Items from a data source
=== Section Start ===

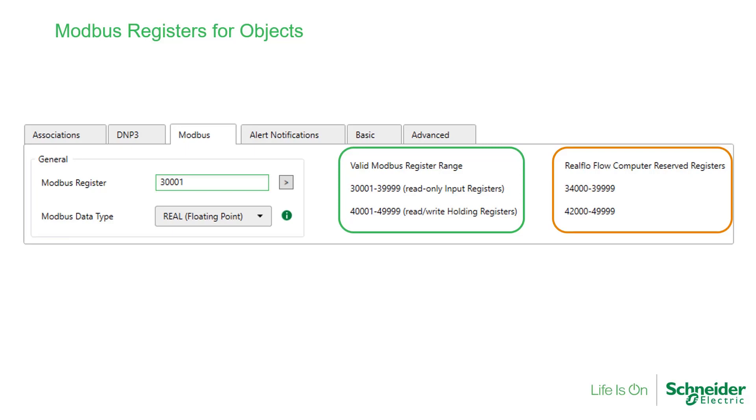However, there are still plenty of free Modbus addresses, and the address range can be increased further by enabling 6-digit addressing.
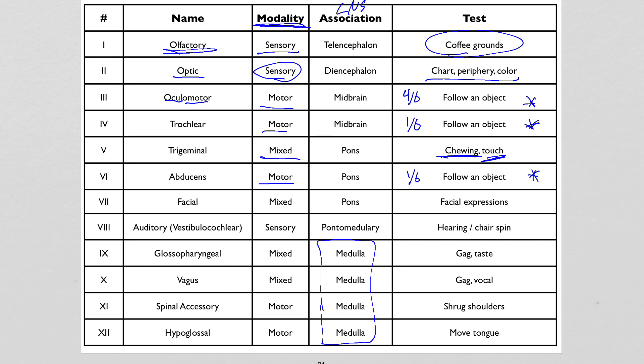The facial nerve is also mixed. The motor part controls facial expressions, so if a person has facial nerve damage, they'll likely have parts of their face sagging with low muscle tone. This is obviously a huge indicator of stroke, though it could also be from external damage. The sensory part — since it's mixed — is taste. The catch is it's difficult to test taste because there are actually three different nerves that have a taste component. The facial nerve is the most important one, but it's difficult to isolate because other nerves compensate.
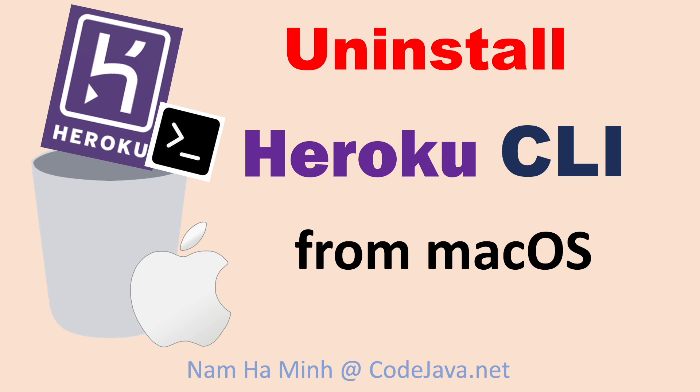Hi! Welcome to the video Uninstall Heroku CLI from macOS. I am Nam Ha Minh from CodeJava.net.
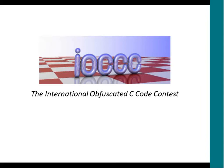Let's start with the International Obfuscated C Code Contest. For those who don't know, this is actually the oldest running contest on the Internet. It goes back to 1984. Two engineers were working at National Semiconductor. They were coding in C, hacking the Unix kernel.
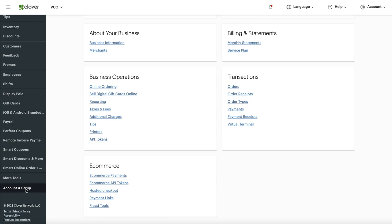Right here at the very bottom left. First, make sure you're at the right location — choose the correct location if you have multiple locations. Use the same settings for all locations unless one location is different and you want to add more filters. Go to Fraud Tools, right here at the bottom left. By the time you watch this video it may be somewhere else, so just look for the words 'Fraud Tools'.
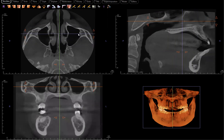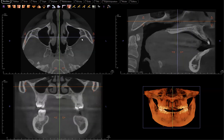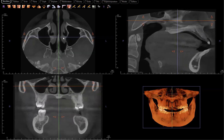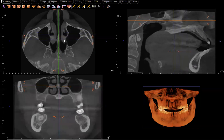In today's video, I wanted to talk about an anatomic variation that I've run into maybe once a month or so. We look at about 60 to 100 scans a month, and so the prevalence from my clinical experience is perhaps about 1% or a little less than 1%. And that is hypoplastic maxillary sinus.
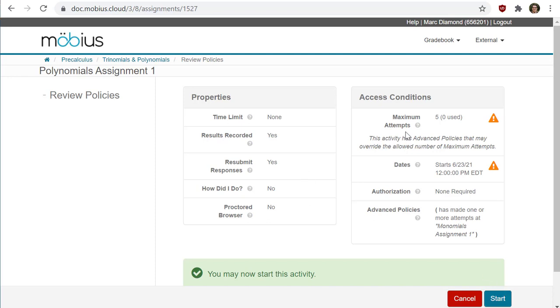You might see some other buttons here such as 'request an exception' or 'authorization'—be sure to check out those help topics for more information. If there is no launch page, you'll be taken right into the activity and you can use the lesson or assignment navigation controls at the bottom to work through that activity.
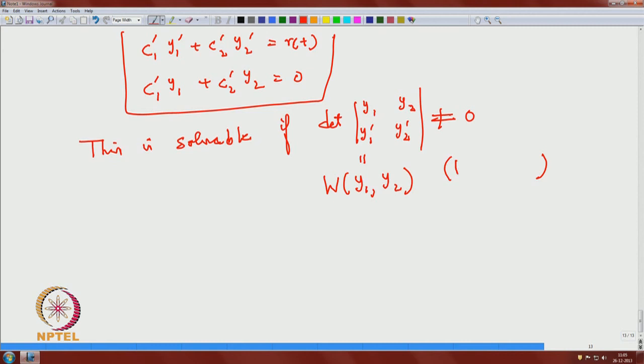The Wronskian is non-zero because y₁ and y₂ are independent solutions. Hence you can solve for c₁' and c₂', and we will start from here in the next class. Essentially, the Wronskian being non-zero allows you to solve for c₁' and c₂'.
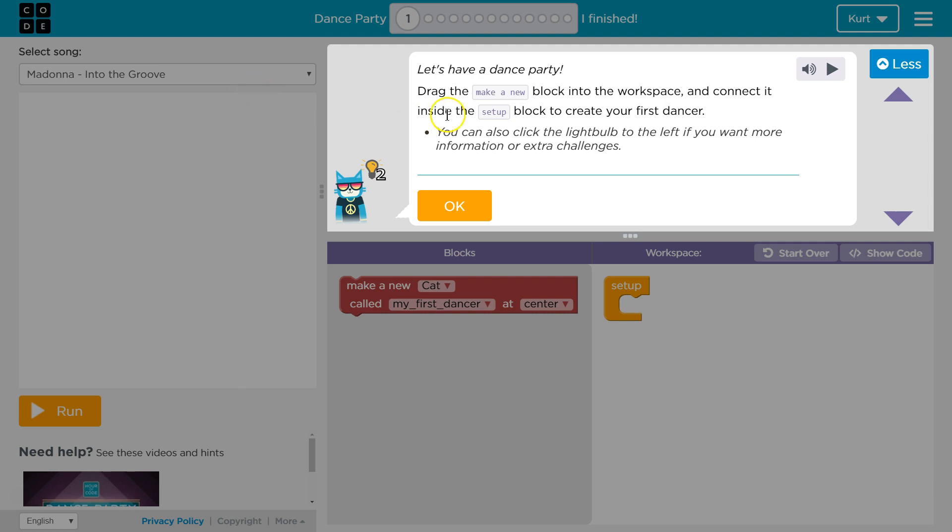Let's have a dance party. Perfect. Drag the make a new block into the workspace and connect it inside the setup block to create your first dancer.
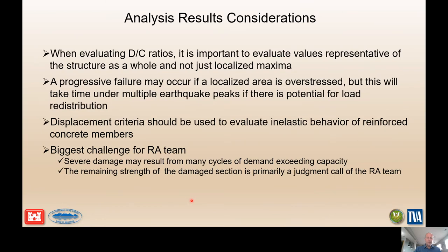When evaluating analysis results, you want to make sure you're looking at true demand-capacity ratios. Progressive failure may be occurring in localized overstressed areas, but the team needs to consider that it may take multiple peaks of overstress during the earthquake to actually result in failure — that redundancy we talked about. Ultimately in risk analysis meetings it becomes pretty clear there will be cracking, yielding, and damage, and it becomes a judgment call for the risk team to determine the extent of that damage and whether it would actually result in failure. That's the biggest challenge in reinforced concrete failure mechanisms.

=== Section End ===

● YOUR TASK
Your answer must be an exact copy of every entry, with no pictures in it.

● RESPONSE AREA
However, there are still plenty of free Modbus addresses, and the address range can be increased further by enabling 6-digit addressing.
The facial nerve is also mixed. The motor part controls facial expressions, so if a person has facial nerve damage, they'll likely have parts of their face sagging with low muscle tone. This is obviously a huge indicator of stroke, though it could also be from external damage. The sensory part — since it's mixed — is taste. The catch is it's difficult to test taste because there are actually three different nerves that have a taste component. The facial nerve is the most important one, but it's difficult to isolate because other nerves compensate.
Hi! Welcome to the video Uninstall Heroku CLI from macOS. I am Nam Ha Minh from CodeJava.net.
Let's start with the International Obfuscated C Code Contest. For those who don't know, this is actually the oldest running contest on the Internet. It goes back to 1984. Two engineers were working at National Semiconductor. They were coding in C, hacking the Unix kernel.
Right here at the very bottom left. First, make sure you're at the right location — choose the correct location if you have multiple locations. Use the same settings for all locations unless one location is different and you want to add more filters. Go to Fraud Tools, right here at the bottom left. By the time you watch this video it may be somewhere else, so just look for the words 'Fraud Tools'.
In today's video, I wanted to talk about an anatomic variation that I've run into maybe once a month or so. We look at about 60 to 100 scans a month, and so the prevalence from my clinical experience is perhaps about 1% or a little less than 1%. And that is hypoplastic maxillary sinus.
You might see some other buttons here such as 'request an exception' or 'authorization'—be sure to check out those help topics for more information. If there is no launch page, you'll be taken right into the activity and you can use the lesson or assignment navigation controls at the bottom to work through that activity.
The Wronskian is non-zero because y₁ and y₂ are independent solutions. Hence you can solve for c₁' and c₂', and we will start from here in the next class. Essentially, the Wronskian being non-zero allows you to solve for c₁' and c₂'.
Let's have a dance party. Perfect. Drag the make a new block into the workspace and connect it inside the setup block to create your first dancer.
When evaluating analysis results, you want to make sure you're looking at true demand-capacity ratios. Progressive failure may be occurring in localized overstressed areas, but the team needs to consider that it may take multiple peaks of overstress during the earthquake to actually result in failure — that redundancy we talked about. Ultimately in risk analysis meetings it becomes pretty clear there will be cracking, yielding, and damage, and it becomes a judgment call for the risk team to determine the extent of that damage and whether it would actually result in failure. That's the biggest challenge in reinforced concrete failure mechanisms.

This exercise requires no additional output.